I am constantly told that my plea for a pact between progressive parties to defeat the Tories at the next election is unrealistic, tramples on tribal traditions, patronises the voters and won’t work.
I then retreat from the debate and contemplate decades of Conservative rule whilst Labour, the Greens, Lib Dems, and SNP divide the opposition vote.
Then last Thursday came the dramatic result in Chesham and Amersham. I had written off the Lib Dems for a generation and it yet might be the case that the by election is a one off. Their local candidate campaigned against HS2 and new planning laws when the party nationally is in favour of the new line and more housing. Shameless opportunists shout Lib Dem opponents forgetting that the late Tory MP for the patch did the same thing.
A bigger question for the Lib Dems than their election tactics is their track record in holding their gains. I’ve been looking at their successes back to 1979. There is a belief that the voters always return to the Conservatives (or occasionally Labour) after their brief flirtation with the Lib Dems. This isn’t quite true. The Libs and Lib Dems have had 20 by election successes since 1979. I am discounting Chris Davies victory in Littleborough in 1995 because the seat was abolished in 1997.Of the remaining 19, the Lib Dems held seven and lost a dozen at subsequent General Elections. So, there is some hope for Sarah Green, the new MP.
LESSONS FOR THE LEFT.
Next week it is quite possible that Labour will lose in Batley and Spen. The party will be plunged into another round of infighting and their prospects of winning in 2023/24 looking very unlikely.
You can be certain that when it is put to them that they have to look at (probably) informal deals to soft pedal in the south (outside London) for the Lib Dems and campaign hard in the North and university towns, we will be told of all the tales of Lib Dem perfidy.
The fact remains that Johnson can be squeezed. The Tories have no allies, apart from the DUP, and even that possibility is looking difficult at the moment. They have to win outright and might do so if the Red Wall seats stay firm.

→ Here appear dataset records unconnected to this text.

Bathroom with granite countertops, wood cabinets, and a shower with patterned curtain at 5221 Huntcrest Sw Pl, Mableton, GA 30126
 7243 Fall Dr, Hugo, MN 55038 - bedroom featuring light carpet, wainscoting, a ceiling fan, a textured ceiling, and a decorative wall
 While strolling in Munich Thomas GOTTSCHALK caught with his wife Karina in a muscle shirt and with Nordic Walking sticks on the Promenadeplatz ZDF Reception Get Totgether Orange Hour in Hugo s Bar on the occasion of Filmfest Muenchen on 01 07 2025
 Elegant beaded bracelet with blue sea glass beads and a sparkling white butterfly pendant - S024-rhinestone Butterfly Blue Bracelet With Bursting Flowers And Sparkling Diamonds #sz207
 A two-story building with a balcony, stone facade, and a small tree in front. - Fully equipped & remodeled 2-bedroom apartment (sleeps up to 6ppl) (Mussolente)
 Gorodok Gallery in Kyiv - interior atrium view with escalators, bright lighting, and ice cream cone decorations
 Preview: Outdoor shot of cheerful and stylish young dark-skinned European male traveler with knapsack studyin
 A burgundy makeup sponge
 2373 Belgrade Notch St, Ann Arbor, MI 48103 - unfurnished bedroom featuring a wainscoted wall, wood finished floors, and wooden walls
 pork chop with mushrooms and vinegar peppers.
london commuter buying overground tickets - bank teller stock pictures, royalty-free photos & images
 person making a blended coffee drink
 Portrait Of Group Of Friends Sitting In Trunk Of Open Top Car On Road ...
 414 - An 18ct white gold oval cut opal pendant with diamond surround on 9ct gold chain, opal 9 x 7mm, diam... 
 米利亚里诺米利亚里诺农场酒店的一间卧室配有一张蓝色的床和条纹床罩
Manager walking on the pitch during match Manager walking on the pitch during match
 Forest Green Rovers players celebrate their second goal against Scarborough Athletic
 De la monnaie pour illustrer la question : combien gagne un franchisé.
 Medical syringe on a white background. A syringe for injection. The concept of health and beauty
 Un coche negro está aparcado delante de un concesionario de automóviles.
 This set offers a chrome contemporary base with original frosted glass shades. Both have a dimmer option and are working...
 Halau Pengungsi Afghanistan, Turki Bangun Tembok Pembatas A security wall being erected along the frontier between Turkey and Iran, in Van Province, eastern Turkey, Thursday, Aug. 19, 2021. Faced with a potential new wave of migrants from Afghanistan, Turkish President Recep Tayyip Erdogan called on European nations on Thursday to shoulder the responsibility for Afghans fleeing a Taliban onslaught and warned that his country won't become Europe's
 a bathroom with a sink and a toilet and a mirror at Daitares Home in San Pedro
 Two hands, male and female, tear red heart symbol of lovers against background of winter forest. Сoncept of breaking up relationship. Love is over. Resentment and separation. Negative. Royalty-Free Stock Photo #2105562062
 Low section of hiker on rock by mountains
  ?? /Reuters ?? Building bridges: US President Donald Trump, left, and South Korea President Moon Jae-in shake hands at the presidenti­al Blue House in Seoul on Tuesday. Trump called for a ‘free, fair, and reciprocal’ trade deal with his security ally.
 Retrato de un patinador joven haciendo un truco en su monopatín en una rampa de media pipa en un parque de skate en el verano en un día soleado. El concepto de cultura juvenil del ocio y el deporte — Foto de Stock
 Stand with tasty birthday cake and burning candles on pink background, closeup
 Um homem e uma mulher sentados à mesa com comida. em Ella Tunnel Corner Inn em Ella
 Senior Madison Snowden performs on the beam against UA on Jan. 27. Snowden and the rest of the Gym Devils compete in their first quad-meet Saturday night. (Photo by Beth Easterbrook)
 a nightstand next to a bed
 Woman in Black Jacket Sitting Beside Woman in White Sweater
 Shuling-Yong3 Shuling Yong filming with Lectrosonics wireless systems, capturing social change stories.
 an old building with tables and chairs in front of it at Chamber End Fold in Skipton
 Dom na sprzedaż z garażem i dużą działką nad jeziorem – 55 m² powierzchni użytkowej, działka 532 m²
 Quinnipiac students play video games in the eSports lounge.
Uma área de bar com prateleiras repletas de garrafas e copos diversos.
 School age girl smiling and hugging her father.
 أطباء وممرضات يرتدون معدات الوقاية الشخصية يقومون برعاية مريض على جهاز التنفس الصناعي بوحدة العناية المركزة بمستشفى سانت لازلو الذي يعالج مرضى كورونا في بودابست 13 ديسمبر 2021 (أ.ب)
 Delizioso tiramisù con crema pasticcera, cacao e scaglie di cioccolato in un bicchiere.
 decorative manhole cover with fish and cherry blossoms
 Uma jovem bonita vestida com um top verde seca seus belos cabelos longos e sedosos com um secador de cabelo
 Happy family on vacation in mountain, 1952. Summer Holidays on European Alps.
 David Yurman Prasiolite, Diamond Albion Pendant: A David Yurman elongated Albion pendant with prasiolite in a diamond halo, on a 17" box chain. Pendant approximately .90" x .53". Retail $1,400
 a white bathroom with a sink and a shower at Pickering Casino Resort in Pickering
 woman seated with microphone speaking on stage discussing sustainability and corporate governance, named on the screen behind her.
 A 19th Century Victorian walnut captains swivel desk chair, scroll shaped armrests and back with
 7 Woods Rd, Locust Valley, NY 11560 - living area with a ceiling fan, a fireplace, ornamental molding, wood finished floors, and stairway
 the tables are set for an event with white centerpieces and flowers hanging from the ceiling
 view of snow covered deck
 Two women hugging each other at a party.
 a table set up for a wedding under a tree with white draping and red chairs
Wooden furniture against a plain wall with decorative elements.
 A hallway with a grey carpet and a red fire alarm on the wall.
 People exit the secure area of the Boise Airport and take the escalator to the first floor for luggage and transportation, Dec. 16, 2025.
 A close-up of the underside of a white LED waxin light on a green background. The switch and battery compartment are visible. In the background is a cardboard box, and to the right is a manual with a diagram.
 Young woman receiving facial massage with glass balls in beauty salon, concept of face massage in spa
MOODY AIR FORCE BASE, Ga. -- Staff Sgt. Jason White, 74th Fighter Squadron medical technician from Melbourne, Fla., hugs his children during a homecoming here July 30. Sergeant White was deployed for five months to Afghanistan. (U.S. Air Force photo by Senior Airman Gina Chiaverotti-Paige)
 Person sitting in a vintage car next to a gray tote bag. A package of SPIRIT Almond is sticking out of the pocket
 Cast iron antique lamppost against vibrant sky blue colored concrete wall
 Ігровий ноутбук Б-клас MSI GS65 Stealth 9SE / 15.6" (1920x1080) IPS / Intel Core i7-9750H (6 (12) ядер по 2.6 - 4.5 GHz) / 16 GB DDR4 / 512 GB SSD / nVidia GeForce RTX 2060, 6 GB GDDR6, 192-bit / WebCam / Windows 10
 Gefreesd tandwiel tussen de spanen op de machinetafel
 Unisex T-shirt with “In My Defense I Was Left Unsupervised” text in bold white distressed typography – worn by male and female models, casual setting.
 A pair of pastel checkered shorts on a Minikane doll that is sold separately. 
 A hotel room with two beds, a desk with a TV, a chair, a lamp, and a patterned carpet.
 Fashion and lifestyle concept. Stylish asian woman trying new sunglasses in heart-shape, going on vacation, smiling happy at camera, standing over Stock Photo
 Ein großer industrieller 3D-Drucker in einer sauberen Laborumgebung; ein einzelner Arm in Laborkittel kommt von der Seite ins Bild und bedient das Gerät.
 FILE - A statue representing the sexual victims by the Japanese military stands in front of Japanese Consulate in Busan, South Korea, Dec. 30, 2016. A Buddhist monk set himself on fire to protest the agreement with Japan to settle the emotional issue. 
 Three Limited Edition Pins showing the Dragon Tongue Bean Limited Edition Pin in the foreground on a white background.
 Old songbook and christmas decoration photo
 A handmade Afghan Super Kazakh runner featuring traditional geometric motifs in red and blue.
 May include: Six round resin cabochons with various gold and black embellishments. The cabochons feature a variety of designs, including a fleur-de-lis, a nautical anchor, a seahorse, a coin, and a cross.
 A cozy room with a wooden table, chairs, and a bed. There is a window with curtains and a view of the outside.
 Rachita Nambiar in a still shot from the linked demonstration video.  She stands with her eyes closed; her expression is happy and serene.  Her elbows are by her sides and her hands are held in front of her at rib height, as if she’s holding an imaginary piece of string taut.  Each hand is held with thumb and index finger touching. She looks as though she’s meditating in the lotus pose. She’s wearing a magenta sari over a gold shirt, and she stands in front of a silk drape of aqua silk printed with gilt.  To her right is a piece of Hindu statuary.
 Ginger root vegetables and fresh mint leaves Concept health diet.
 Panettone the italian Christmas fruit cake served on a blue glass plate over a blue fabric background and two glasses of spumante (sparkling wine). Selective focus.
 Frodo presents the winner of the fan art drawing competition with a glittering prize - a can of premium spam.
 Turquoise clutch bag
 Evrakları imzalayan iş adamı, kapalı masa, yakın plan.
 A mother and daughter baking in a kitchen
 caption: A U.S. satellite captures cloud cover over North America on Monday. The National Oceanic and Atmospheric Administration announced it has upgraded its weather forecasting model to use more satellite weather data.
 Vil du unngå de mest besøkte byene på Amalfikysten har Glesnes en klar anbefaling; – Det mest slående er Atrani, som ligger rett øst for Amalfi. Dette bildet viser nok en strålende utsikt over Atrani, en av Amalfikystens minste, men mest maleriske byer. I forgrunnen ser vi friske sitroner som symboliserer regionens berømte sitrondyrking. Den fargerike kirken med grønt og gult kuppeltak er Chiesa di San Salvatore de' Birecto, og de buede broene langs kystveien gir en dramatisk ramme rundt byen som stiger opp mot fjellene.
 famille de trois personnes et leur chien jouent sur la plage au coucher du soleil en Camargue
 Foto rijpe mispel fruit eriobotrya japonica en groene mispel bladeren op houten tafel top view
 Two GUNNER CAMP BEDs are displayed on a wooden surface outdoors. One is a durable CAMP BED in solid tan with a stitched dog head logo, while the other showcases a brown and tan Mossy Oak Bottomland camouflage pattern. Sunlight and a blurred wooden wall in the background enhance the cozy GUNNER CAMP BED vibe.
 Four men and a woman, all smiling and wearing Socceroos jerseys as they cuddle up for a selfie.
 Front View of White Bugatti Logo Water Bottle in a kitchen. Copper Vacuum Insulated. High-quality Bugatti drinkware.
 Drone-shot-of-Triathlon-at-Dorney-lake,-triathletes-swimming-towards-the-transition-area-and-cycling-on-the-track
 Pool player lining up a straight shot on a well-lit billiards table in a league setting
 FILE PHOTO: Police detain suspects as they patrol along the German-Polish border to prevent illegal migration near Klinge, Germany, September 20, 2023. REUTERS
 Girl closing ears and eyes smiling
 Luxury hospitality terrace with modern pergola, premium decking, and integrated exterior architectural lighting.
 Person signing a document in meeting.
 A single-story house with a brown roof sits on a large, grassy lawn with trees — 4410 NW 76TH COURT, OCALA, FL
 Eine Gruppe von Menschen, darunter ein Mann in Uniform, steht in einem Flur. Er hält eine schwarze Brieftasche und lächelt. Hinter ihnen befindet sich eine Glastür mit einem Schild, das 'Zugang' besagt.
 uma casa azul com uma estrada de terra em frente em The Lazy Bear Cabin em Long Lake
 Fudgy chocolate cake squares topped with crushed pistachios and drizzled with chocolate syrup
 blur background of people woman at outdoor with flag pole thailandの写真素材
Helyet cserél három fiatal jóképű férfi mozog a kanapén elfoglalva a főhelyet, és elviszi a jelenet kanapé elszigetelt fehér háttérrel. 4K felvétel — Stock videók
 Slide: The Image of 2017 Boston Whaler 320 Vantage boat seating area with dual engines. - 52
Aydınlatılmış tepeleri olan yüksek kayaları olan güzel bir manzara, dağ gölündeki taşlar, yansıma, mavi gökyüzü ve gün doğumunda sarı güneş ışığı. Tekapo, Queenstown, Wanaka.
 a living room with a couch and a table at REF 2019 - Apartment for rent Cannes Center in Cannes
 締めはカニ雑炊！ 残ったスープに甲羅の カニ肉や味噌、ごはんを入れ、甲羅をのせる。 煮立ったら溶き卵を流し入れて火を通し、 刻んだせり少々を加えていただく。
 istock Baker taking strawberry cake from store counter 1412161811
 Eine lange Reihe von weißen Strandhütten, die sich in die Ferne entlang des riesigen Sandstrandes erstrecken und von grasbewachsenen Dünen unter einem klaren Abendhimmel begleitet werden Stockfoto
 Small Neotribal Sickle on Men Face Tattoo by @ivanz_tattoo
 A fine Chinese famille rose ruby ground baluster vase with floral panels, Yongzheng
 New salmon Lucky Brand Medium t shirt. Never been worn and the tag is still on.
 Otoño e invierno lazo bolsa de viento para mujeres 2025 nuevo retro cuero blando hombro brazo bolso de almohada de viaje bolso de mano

But Amersham has shown the possibility that with a bit of intelligent planning the SNP remain strong in Scotland, Labour fights back a bit in the North and university towns and the Lib Dems do really well in the south of England where Johnson’s Brexit deal and style of government is not going down well.
Then we could have a centre left coalition, change the voting system, and be run by a government where the majority have a say.
BAD RESULT FOR THE MEDIA.
Nearly all political journalists completely missed the Amersham by election story. I found very little coverage in the papers, on radio and TV in the weeks running up to the poll.
On the Friday and over the weekend everyone piled in, but people want informed political coverage before they cast their vote not afterwards.
They expected a Tory win even though HS2 should have alerted them to a possible upset.
It was the Brexit surprise all over again. Do better.